Beginning with the line of the entries below that holds "Image 2 of 4" and ending with the line that holds "sunlight casting dramatic", transcribe each line exactly as written. Pictures stay out.

[Data shown Boundary: Start]

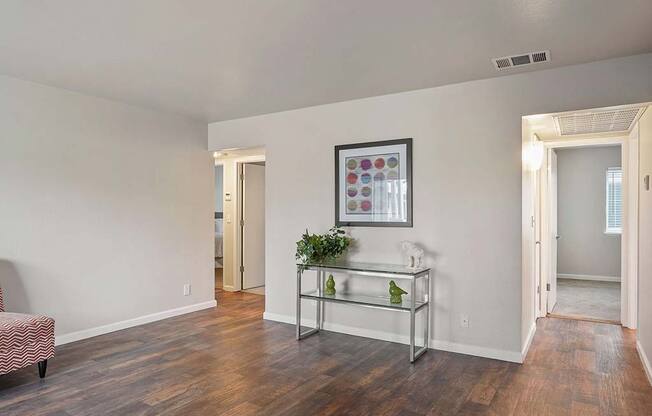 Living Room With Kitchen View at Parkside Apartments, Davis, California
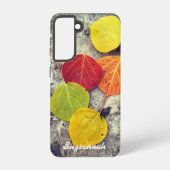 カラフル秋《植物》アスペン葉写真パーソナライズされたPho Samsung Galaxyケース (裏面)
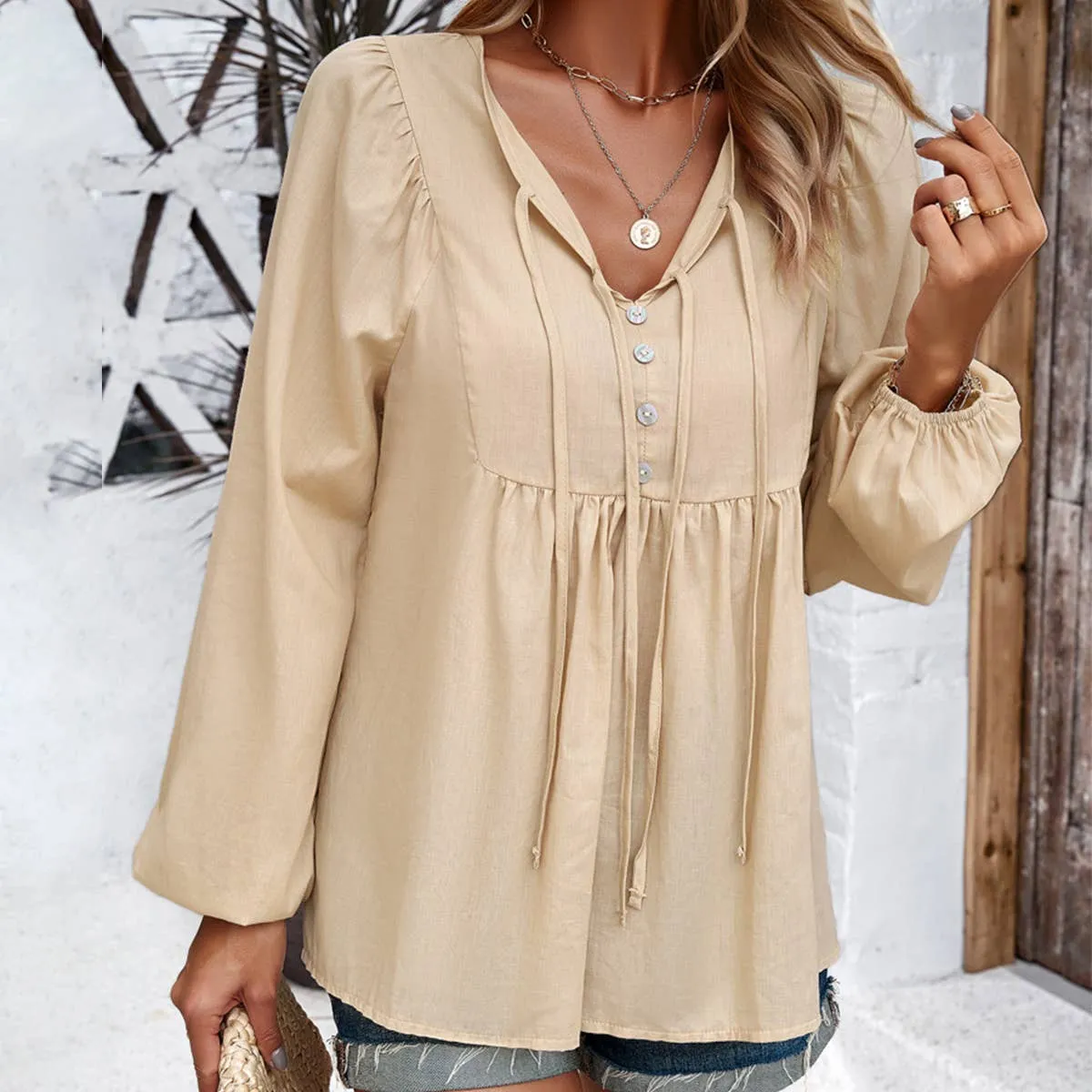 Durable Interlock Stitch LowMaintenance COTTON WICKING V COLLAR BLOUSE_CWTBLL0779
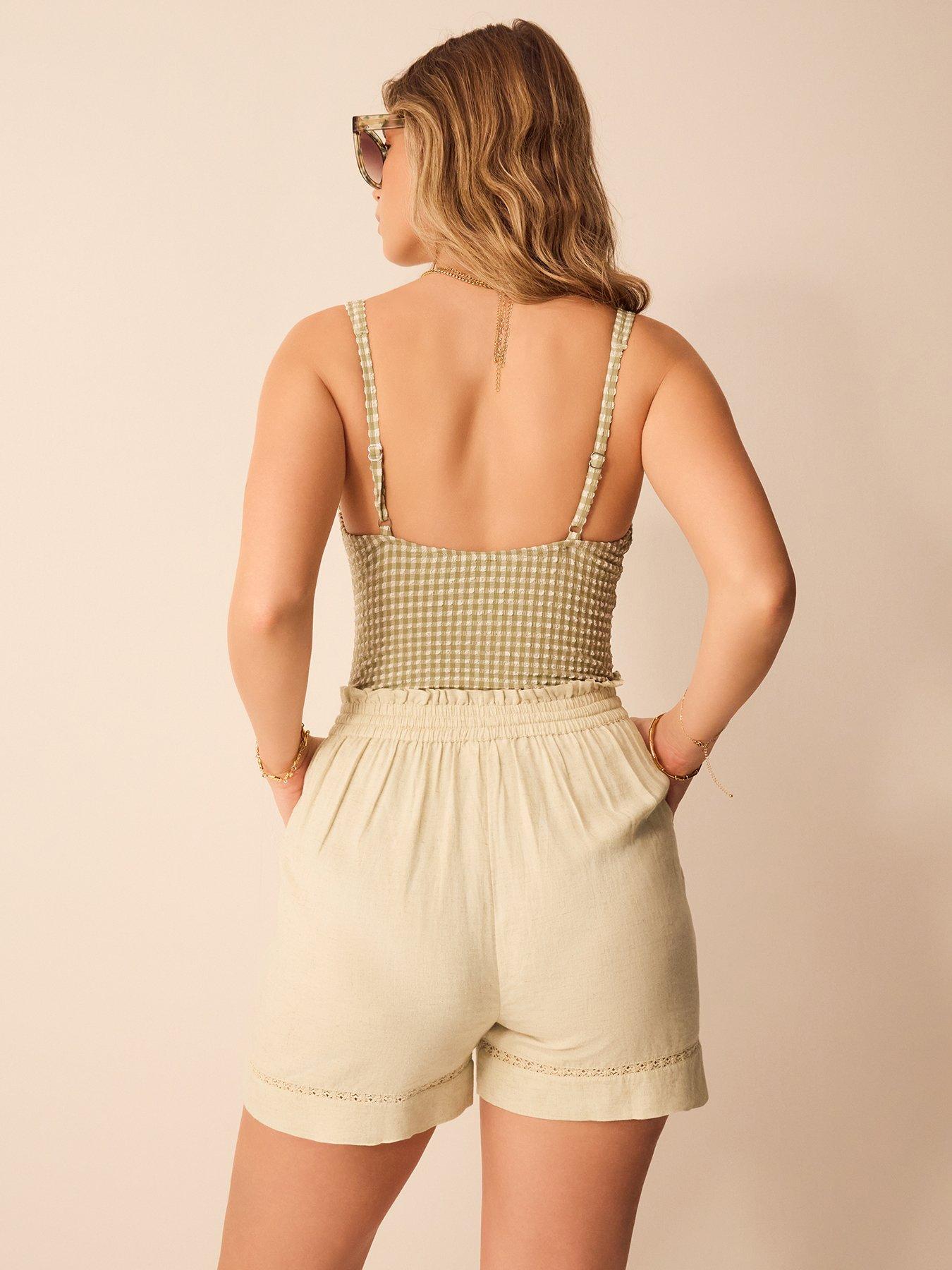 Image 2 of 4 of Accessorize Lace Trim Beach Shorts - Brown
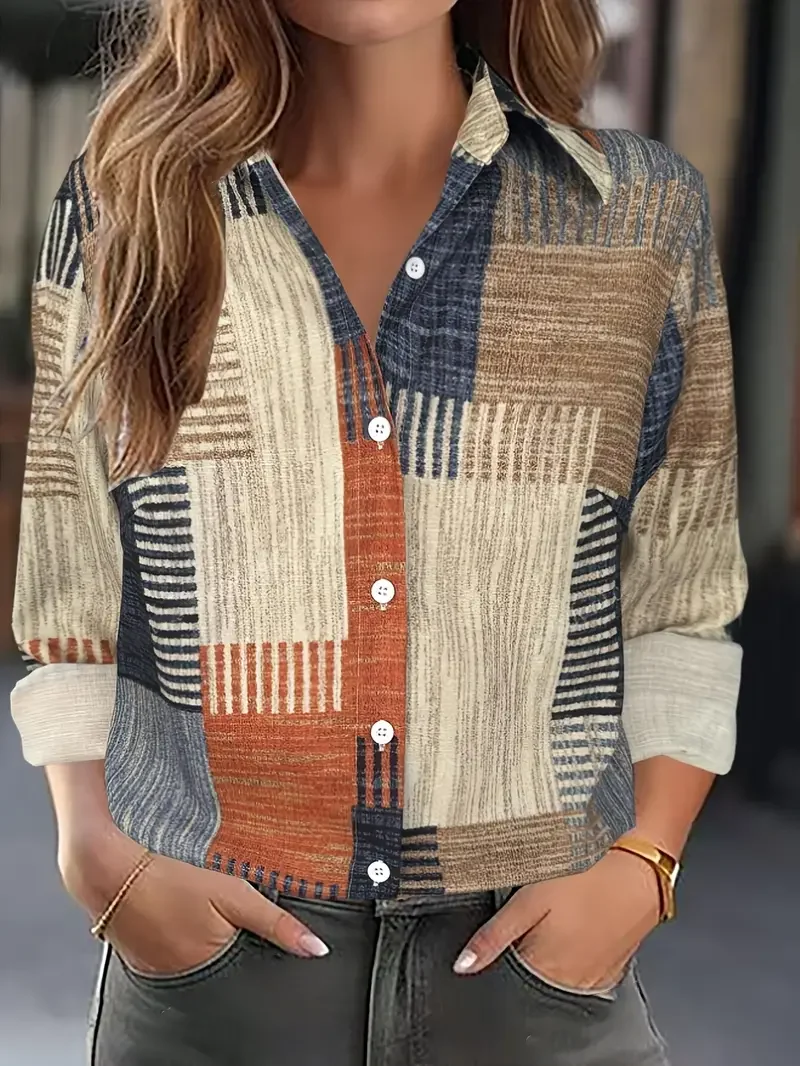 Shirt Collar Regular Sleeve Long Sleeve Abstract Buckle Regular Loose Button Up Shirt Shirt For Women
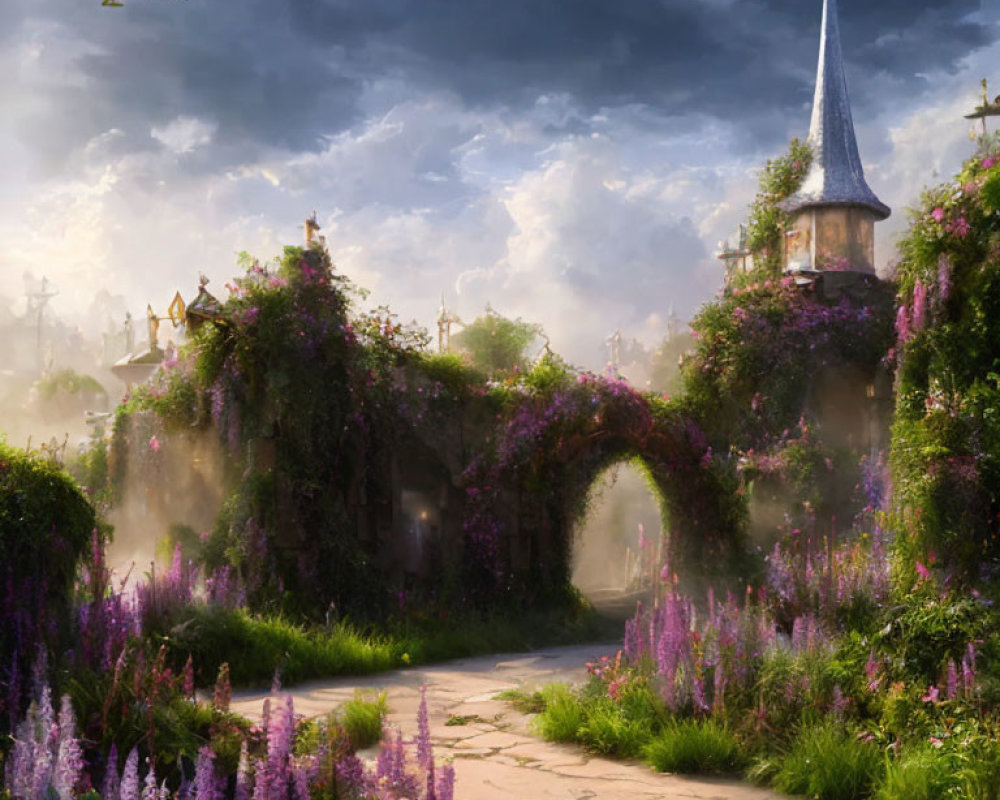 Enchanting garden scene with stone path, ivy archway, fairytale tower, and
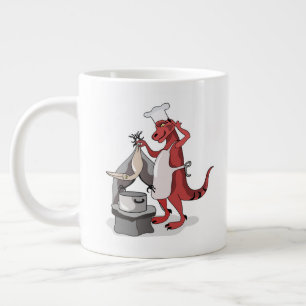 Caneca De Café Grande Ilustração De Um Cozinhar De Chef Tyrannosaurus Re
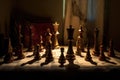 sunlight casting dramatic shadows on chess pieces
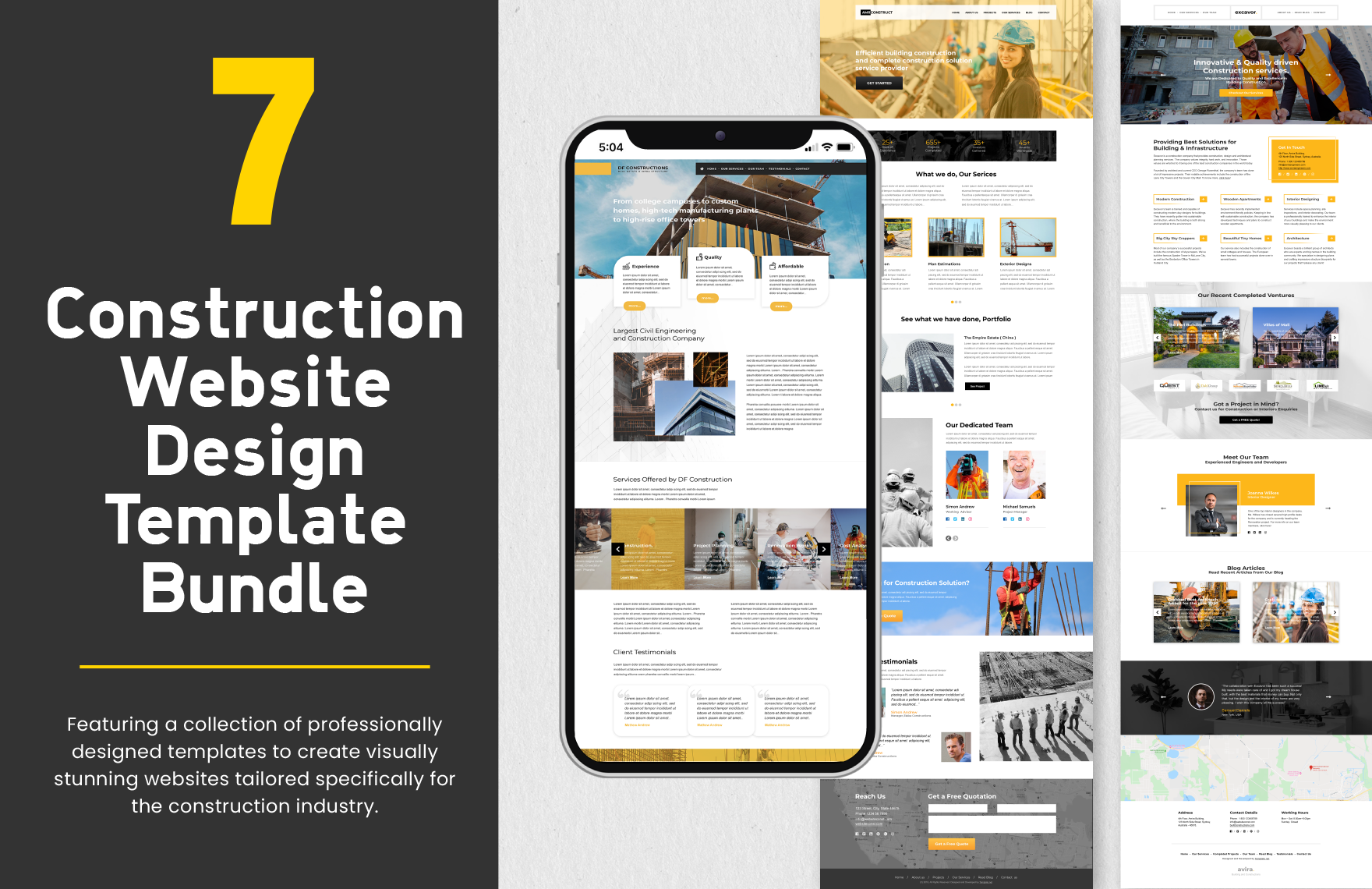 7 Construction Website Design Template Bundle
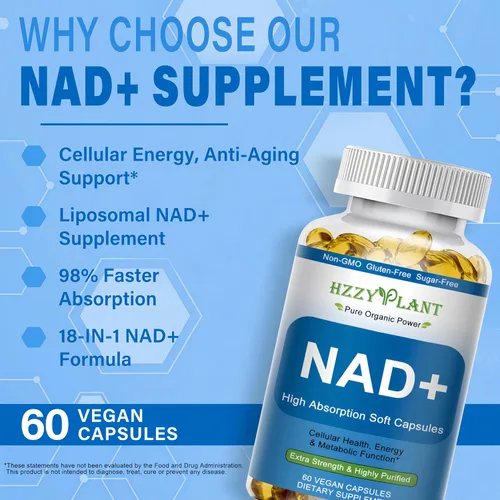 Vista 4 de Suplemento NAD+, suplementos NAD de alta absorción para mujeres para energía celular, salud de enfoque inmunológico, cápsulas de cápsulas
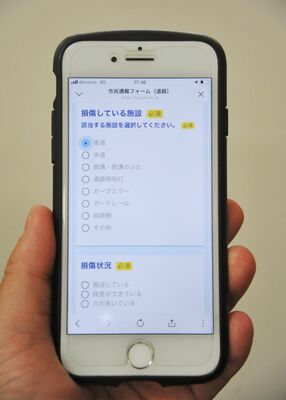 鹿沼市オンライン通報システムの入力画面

[Data shown Boundary: End]

Exercise result ▸
 Image 2 of 4 of Accessorize Lace Trim Beach Shorts - Brown
 Shirt Collar Regular Sleeve Long Sleeve Abstract Buckle Regular Loose Button Up Shirt Shirt For Women
 Enchanting garden scene with stone path, ivy archway, fairytale tower, and
 Caneca De Café Grande Ilustração De Um Cozinhar De Chef Tyrannosaurus Re
 sunlight casting dramatic shadows on chess pieces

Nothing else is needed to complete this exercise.